## [Problem to work on]
Word for word and without images, reproduce the listing that follows.

## [Information shown]

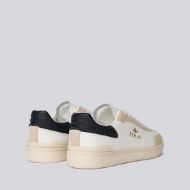 Picture of REPLAY MEN'S PIPER DUAL LEATHER SNEAKERS BEIGE WHITE 3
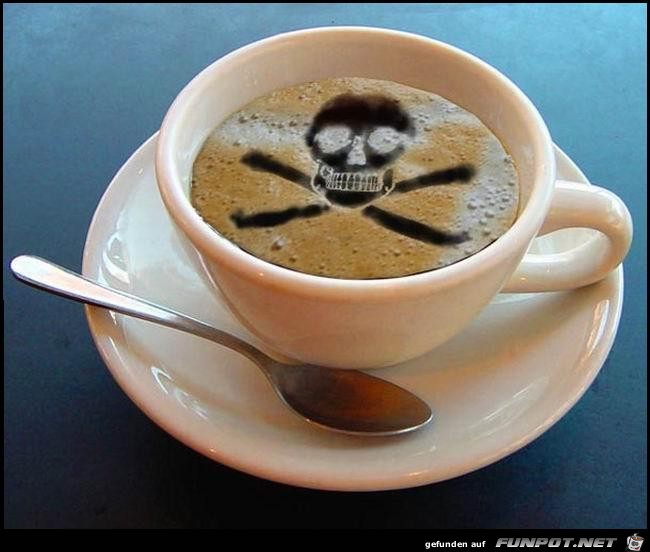 zuviel Kaffee zuviel Kaffee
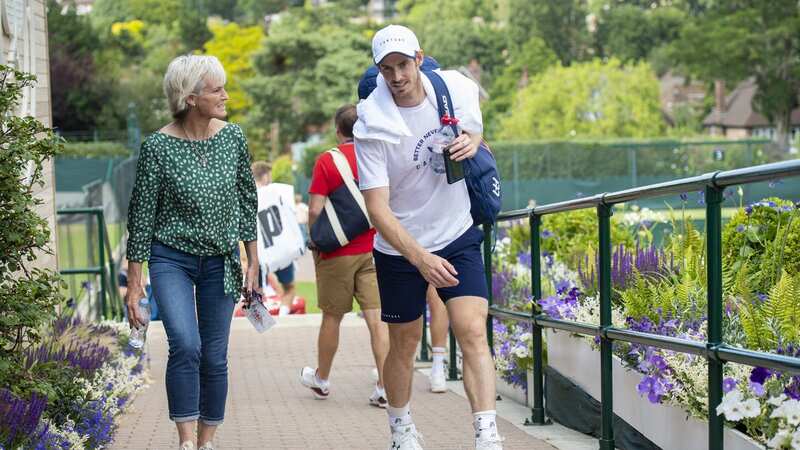 Judy Murray enjoyed a heart-warming moment with a 10-year-old fan at the Australian Open (Image: Steve Reigate)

## [Reply to the exercise]
 Picture of REPLAY MEN'S PIPER DUAL LEATHER SNEAKERS BEIGE WHITE 3
 zuviel Kaffee zuviel Kaffee
 Judy Murray enjoyed a heart-warming moment with a 10-year-old fan at the Australian Open (Image: Steve Reigate)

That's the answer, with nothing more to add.